Jakarta, Gatra.com - Anggota Dewan Pengawas Komisi Pemberantasan Korupsi (KPK), Syamsuddin Haris mengakui sistem politik di Indonesia saat ini masih melembagakan dan memfasilitasi suatu tindakan koruptif.
Syamsuddin mengatakan, epicentrum dari tindak perilaku korupsi sesungguhnya pada sektor politik di Indonesia. Bahkan jika ditelaah lebih tajam lagi, epicentrum korupsi berada si kantong-kantong Partai Politik (Parpol). Sehingga, pembenahan pemberantasan korupsu kedepan harus di intensifkan di sektor politik.

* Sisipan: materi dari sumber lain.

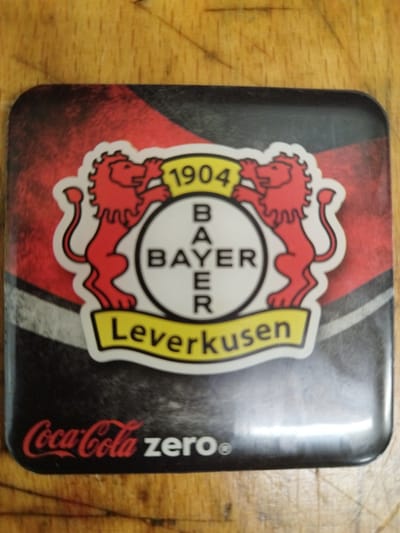 The image shows a square coaster with a dark background featuring a stylized red and black pattern. In the center of the coaster is a circular emblem with the Bayer logo. The emblem is outlined in white and contains the letters "B", "A", "Y", "E", "R" arranged vertically. Above the emblem, a yellow banner displays the number "1904". On either side of the emblem are stylized red lions. Below the emblem, a yellow banner reads "Leverkusen". In the bottom left corner of the coaster, the Coca-Cola Zero logo is visible in red. The coaster is placed on a wooden surface, which appears to be a table. The lighting is overhead, casting reflections on the coaster's surface. There are no people or actions depicted in the image. There is no information available to determine its location in Bremerhaven, Germany.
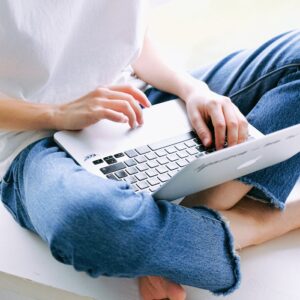 Woman sitting cross-legged in casual jeans working on a laptop indoors.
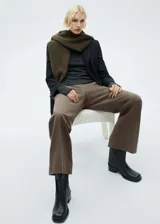 Pantalon de vestir de tiro medio con corte flare y diseño largo. Cuenta con dos bolsillos laterales y cierre frontal con cremallera, botón y ganchos ocultos bajo tapeta.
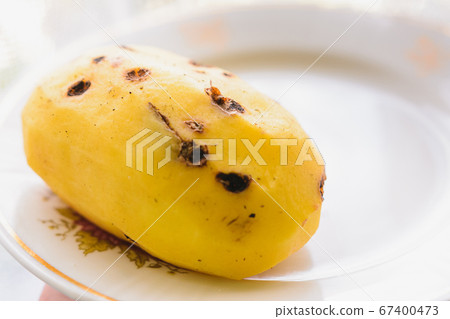 Big peeled new potatoes, yellow potatoes on a 67400473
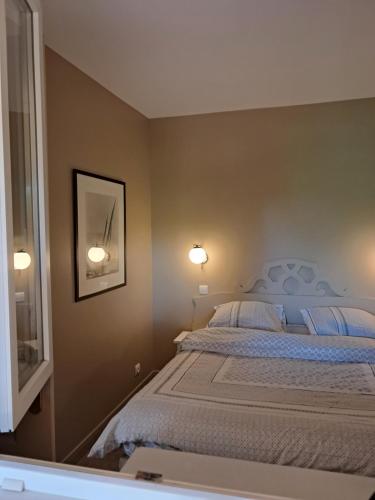 - une chambre avec un lit et deux lumières sur le mur dans l'établissement 2 pièces avec piscine chauffée, à Deauville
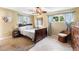 Cozy bedroom with neutral walls, traditional furniture, ceiling fan, and natural light from two windows at 2522 Fruit Tree Dr, Sarasota, FL 34239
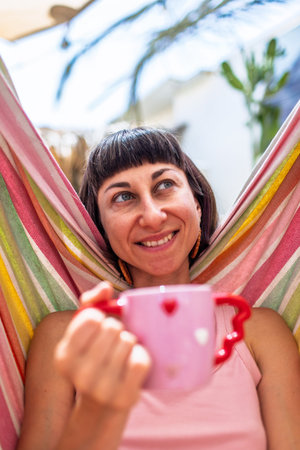 Summer mood. girl drinking morning coffee sitting in a hammock. girl enjoying rest in camping. cup in the shape of a heart.の写真素材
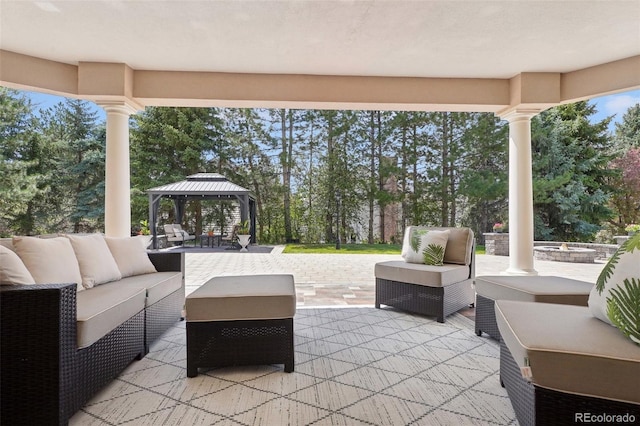 view of patio featuring an outdoor living space and a gazebo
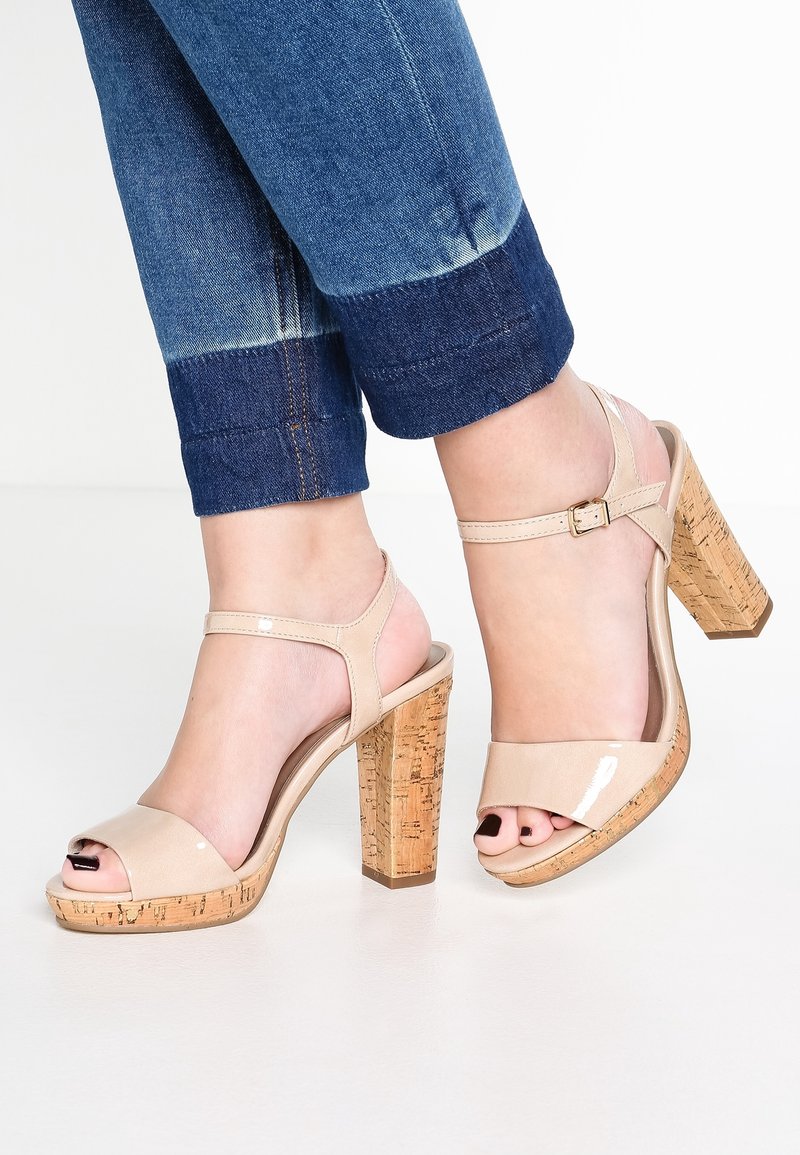 Pieds en sandales à talons hauts en cuir verni beige avec talons épais en liège et brides à la cheville, associées à un jean bleu à revers.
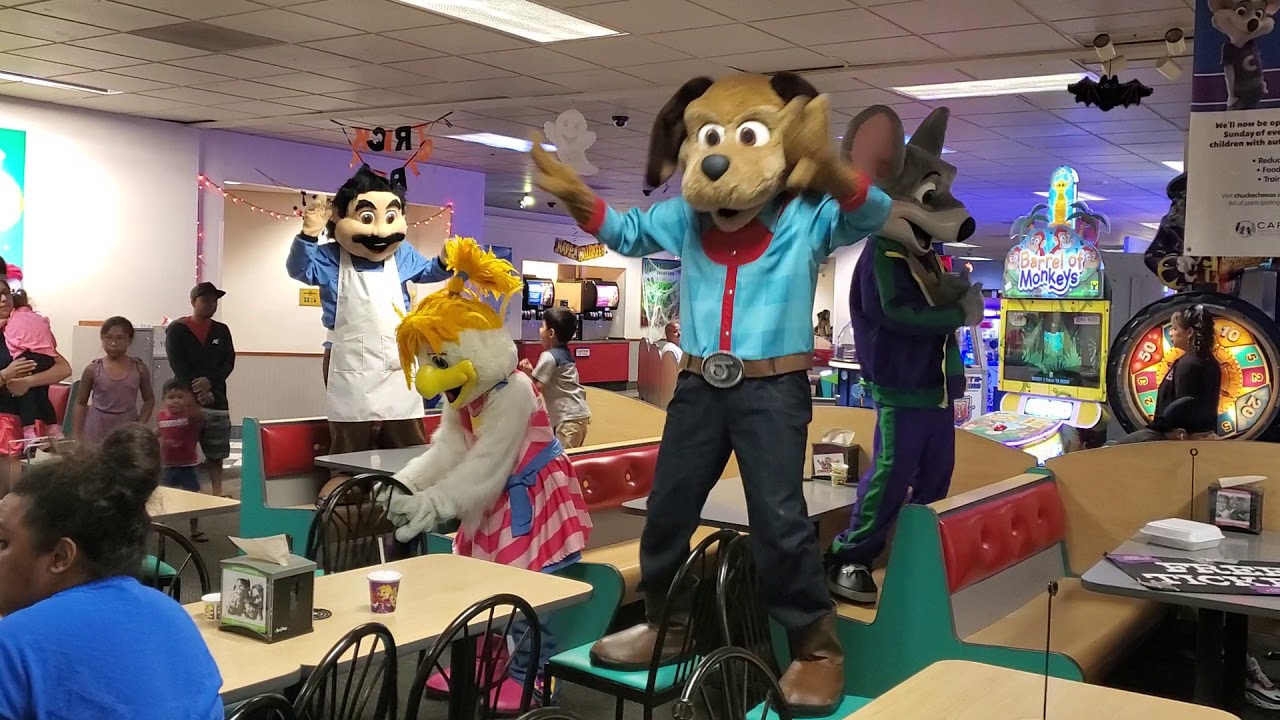 Chuck-E-Cheese and friends dancing on tables.... 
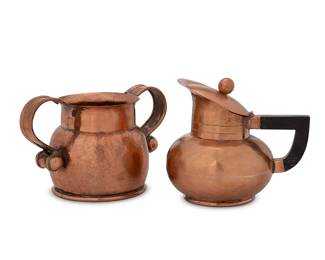 2210
A Héctor Aguilar Copper Cream And Sugar Set
Héctor Aguilar (1905-1986)
Circa 1948-1962; Taxco, Mexico
Each marked for Héctor Aguilar and Taxco, Mexico
Comprising one creamer with ebonized wood handle and a sugar with opposed lug handles, 2 pieces
Creamer: 4.125" H x 4.875" W x 3.75" D; sugar: 3.625" H x 5.875" W x 3.5" D
Estimate: $200 - $300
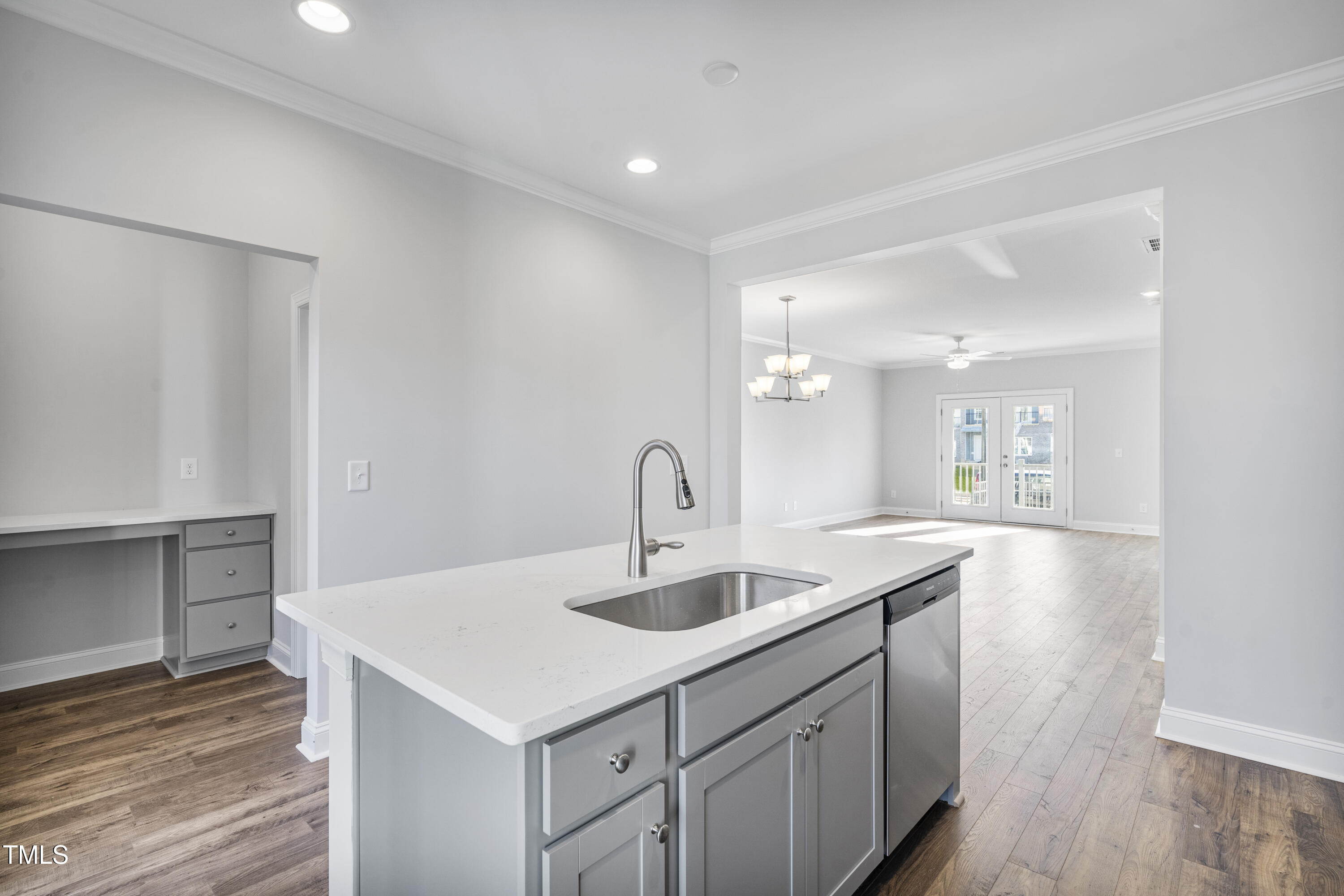 541 Forestville Road Wake Forest, NC 27587 - Photo 35 of 47 a kitchen with a sink cabinets and wooden floor
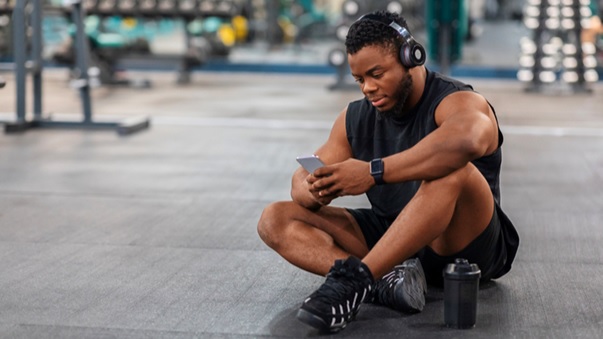 man sitting on the gym floor on phone stock image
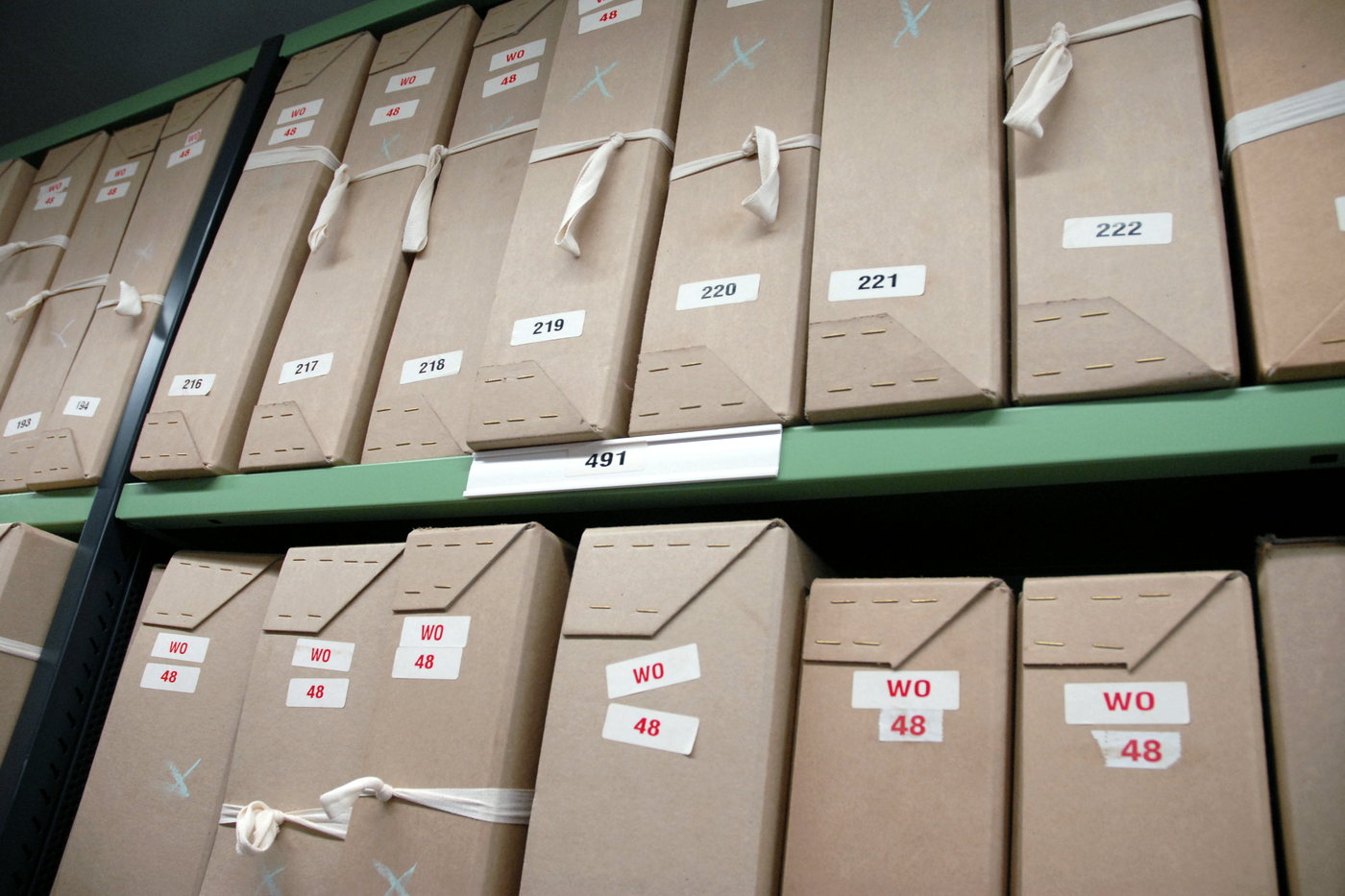 Labelled archive boxes packed along two levels of green metal repository shelving, each box tagged with a reference card.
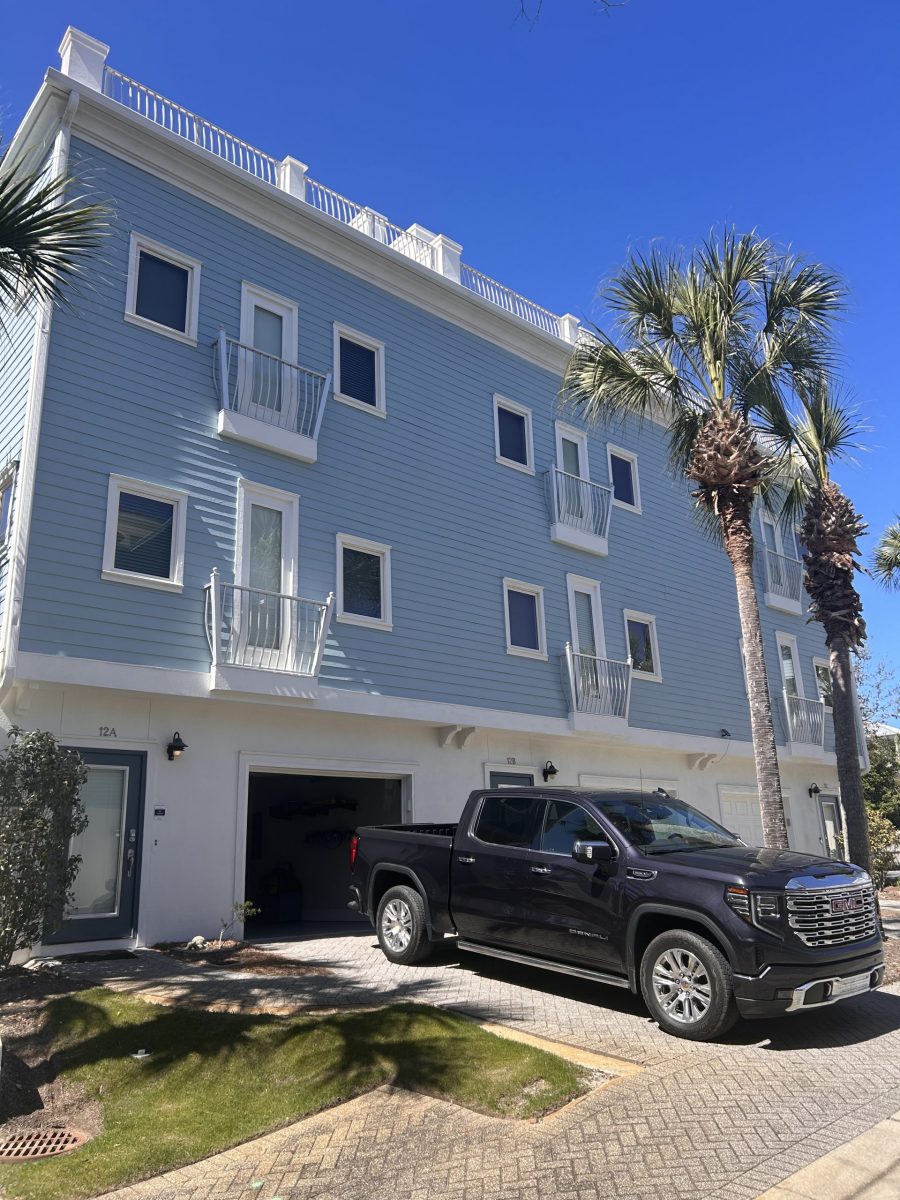 condo building exterior with painted blue siding and white trim and accents Preview Image 7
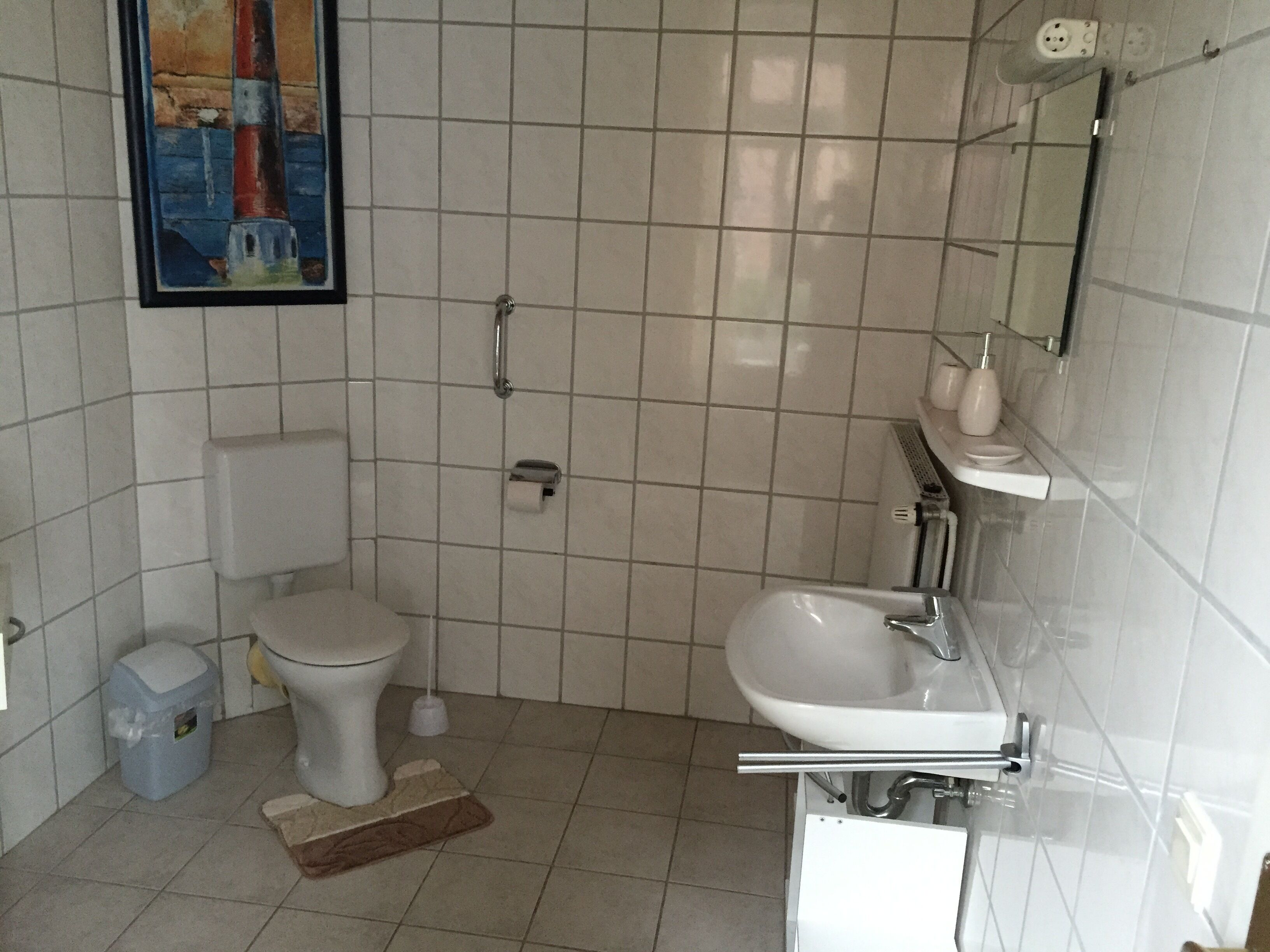 Ett badrum med toalett, bidé, handfat och en spegel.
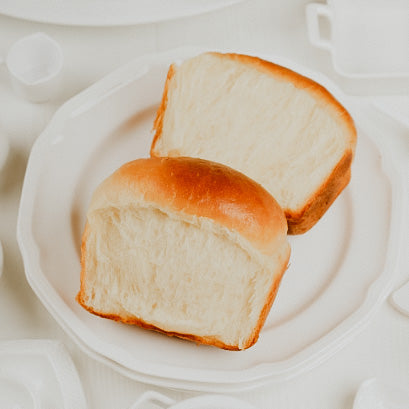 A slice of bread on a white plate, representing the fragrance oil's connection to the scent of bread.
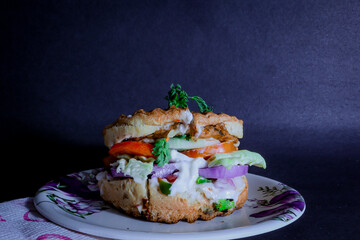Delicious Burger with green fresh vegetable and mayonnaise and cheese.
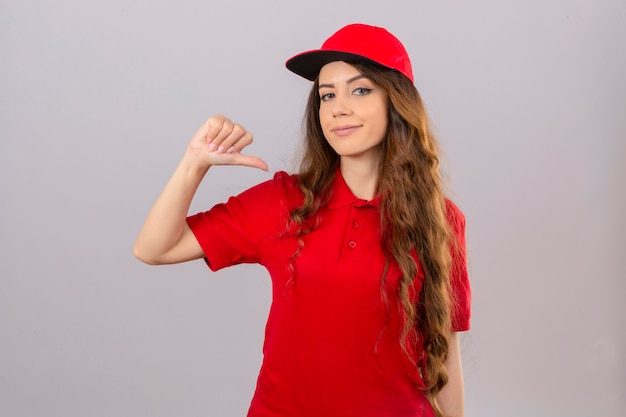 Free photo young delivery woman wearing red polo shirt and cap pointing thumb on herself smiling friendly over isolated white background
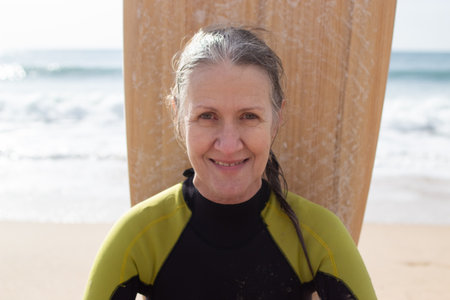 Portrait of happy senior female surfer on sea shore. Smiling Caucasian woman in wetsuit enjoying day...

"Indikator atau parameternya bisa dilihat di sistem Pemilu (Pemilihan Umum). Baik di Pilpres, Pileg, Pilkada, dan Kepartaian itu sangat jelas. Dan bukan hanya dari politisi. Namun sampai saat ini, belum ada komitmen yang sungguh-sungguh dari negara untuk membuat sistem politik yang akuntabel, bersih, dan tidak korup," kata Syamsuddin pada dalam Peluncuran Corruption Perception Index (CPI) 2019 di Sequis Centre, Jakarta, Kamis (23/1).
Peneliti dari Lembaga Ilmu Pengetahuan Indonesia (LIPI) ini juga menyampaikan bahwa sistem yang masih dibangun saat ini merupakan sistem yang masih korup. Sehingga, hal tersebut membuka peluang besar maraknya tindak perilaku korupsi di politik.
Bahkan, Syamsuddin juga mengatakan permasalahan tersebut bukan hanya terjadi di politik yang tidak terkontrol semata, namun juga pada sektor Keuangan Administrasi Negara atau birokrasi yang reformasinya hanya berhenti pada sebatas slogan.
"Semua ini tentu akan menjadi kendala yang akan kita hadapi kedepan. Selanjutnya, tidak ada komitmen kepemimpinan untuk meminimalkan semua ini,” katanya.
Dikatakan, pemimpin politik saat ini menikmati zona nyamannya. Menikmati Pileg, Pilpres, Pilkada, menikmati parpol yang semua tahu sangat tidak sehat.
“Parpol tidak sehat karena tidak ada standar etik, kaderisasi yang baku, berjenjang berkala, sab inklusif, serta tidak ada rekrutmen yang yang akuntabel," katanya.